■ ACTION ITEM:
Return the full listing character for character, without its pictures.

■ RECORDED DATA:
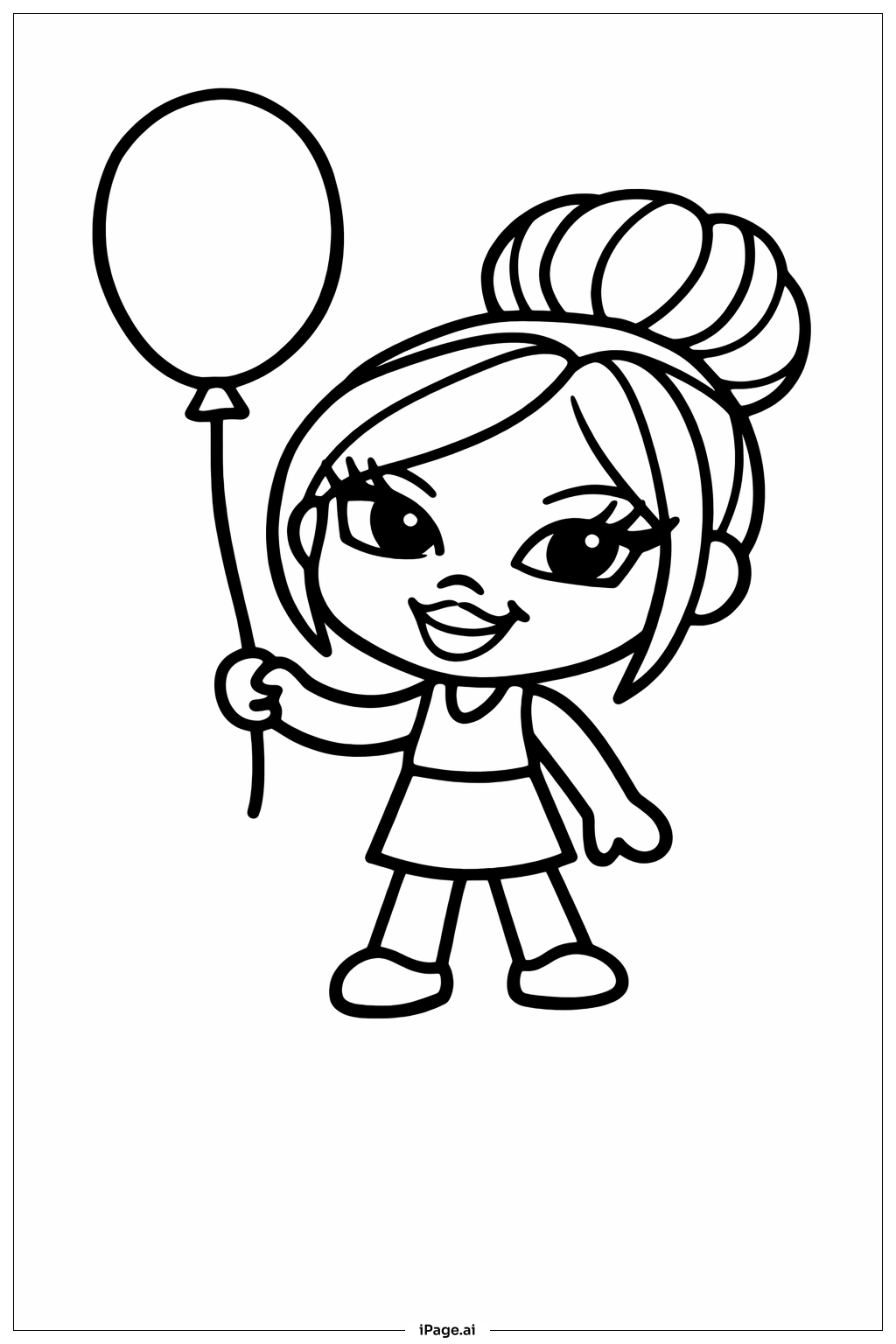 풍선과 함께한 브라츠 인형 색칠공부 페이지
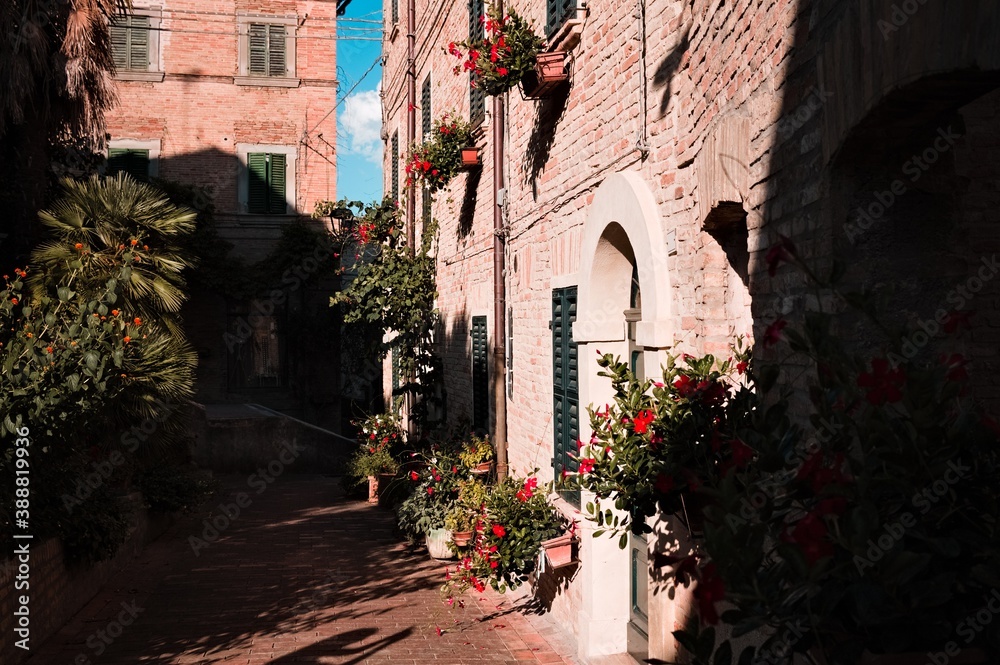 An alley of a medieval Italian village with brick houses, plants and flowers (Corinaldo, Marche, Italy)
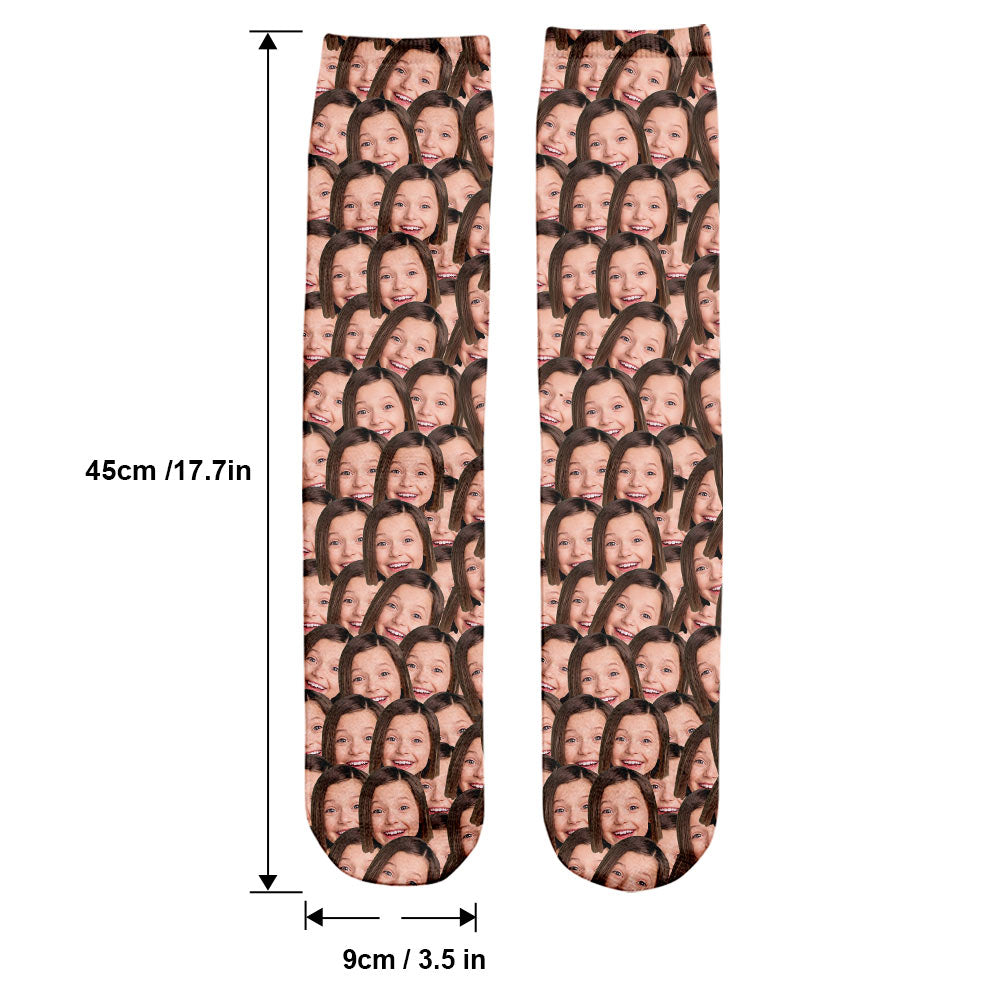 Customizable Printed Face - Personalized granddaughter Socks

■ RESPONSE BOX:
 풍선과 함께한 브라츠 인형 색칠공부 페이지
 An alley of a medieval Italian village with brick houses, plants and flowers (Corinaldo, Marche, Italy)
 Customizable Printed Face - Personalized granddaughter Socks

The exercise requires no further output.